TLR Signaling Pathways

• Activation of TLRs by microbial products leads to the induction of numerous genes that function in inflammatory and immune responses. These include cytokines, (e.g., TNF, IL-1, IL-6, and IL-12), inflammatory chemokines (e.g., the neutrophil chemoattractant IL-8), antimicrobial effector molecules (e.g., inducible nitric oxide synthase), and MHC and costimulatory molecules.

• Stimulation of TLRs activates several signaling pathways, including the NF-κB pathway, as well as three MAP kinase signaling pathways, JNK, p38, and ERK .In addition, TLRs induce the activation of several members of the IRF family of transcription factors.

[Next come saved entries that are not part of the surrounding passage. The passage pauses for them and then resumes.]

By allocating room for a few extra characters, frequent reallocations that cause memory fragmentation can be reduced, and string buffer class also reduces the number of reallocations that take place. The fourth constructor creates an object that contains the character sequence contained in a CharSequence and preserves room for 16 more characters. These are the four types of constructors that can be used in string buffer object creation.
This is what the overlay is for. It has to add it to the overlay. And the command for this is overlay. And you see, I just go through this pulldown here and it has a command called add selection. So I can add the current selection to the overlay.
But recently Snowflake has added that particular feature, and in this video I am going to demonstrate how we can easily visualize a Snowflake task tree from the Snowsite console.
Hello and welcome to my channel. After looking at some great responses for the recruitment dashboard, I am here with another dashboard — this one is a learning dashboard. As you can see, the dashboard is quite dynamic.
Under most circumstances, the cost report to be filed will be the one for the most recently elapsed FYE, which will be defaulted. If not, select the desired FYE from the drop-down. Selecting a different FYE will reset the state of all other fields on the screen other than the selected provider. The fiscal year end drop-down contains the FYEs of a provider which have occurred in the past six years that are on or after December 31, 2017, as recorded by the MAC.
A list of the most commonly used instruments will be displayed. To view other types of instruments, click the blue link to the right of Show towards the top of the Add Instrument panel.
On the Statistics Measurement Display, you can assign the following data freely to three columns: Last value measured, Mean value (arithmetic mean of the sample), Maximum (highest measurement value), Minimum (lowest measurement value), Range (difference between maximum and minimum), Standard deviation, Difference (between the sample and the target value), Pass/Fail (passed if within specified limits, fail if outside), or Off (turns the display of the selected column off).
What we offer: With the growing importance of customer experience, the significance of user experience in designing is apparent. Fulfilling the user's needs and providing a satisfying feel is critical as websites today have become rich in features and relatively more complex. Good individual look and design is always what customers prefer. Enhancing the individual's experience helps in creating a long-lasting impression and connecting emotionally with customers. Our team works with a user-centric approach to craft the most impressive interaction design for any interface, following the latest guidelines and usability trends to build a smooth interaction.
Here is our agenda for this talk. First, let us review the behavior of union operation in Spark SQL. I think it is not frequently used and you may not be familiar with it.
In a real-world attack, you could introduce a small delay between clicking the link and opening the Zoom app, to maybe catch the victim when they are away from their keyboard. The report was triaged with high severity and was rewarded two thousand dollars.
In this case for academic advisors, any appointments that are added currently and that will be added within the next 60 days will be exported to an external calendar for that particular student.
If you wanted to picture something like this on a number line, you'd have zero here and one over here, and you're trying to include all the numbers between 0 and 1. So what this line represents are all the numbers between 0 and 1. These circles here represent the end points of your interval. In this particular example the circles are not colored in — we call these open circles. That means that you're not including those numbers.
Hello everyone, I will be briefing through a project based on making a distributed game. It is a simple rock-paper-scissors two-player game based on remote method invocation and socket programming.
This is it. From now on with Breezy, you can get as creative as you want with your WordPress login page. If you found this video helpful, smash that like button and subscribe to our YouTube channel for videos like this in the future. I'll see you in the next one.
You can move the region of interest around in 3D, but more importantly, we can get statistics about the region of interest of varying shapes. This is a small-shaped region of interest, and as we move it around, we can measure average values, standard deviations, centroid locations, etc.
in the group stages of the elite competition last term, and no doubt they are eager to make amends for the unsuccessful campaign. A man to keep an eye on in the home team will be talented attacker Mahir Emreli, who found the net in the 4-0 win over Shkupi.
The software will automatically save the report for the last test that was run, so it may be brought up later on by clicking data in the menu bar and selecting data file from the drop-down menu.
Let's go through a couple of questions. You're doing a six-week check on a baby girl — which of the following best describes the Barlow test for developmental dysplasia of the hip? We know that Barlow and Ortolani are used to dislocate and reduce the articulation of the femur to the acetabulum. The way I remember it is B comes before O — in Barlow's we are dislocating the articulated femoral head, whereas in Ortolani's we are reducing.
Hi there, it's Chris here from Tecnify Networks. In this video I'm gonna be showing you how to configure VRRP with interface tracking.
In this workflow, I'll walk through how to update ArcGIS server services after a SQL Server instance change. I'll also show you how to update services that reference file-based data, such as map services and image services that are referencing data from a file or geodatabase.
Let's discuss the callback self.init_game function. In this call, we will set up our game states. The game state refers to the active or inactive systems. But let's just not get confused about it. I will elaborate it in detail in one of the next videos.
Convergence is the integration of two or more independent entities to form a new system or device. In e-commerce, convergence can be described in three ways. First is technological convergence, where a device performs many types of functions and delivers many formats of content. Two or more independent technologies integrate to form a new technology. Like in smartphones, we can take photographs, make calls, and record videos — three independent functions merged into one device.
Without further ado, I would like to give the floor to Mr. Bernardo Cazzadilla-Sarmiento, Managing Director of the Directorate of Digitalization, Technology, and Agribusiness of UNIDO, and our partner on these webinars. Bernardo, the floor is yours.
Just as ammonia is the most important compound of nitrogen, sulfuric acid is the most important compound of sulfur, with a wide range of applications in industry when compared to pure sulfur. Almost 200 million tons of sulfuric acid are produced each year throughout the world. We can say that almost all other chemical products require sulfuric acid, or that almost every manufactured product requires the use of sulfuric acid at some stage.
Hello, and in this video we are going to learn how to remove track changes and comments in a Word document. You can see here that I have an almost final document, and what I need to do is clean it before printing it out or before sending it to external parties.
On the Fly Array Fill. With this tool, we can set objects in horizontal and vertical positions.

• Specificity of signaling pathways activated by TLRs is controlled by four adaptor proteins: MyD88, TIRAP, TRAM, and TRIF.

• MyD88 utilized by all TLRs with the exception of TLR3.

• The components of the MyD88 signaling pathway include serine/threonine protein kinases of the IRAK family (IRAK1 and IRAK4), the ubiquitin ligase TRAF6 (TNF receptor–associated factor 6), and several members of the MAP3K family, including TAK1, ASK1, and MEKKs, which are responsible for activation of NF-κB and three MAP kinase cascades: JNK, p38, and ERK.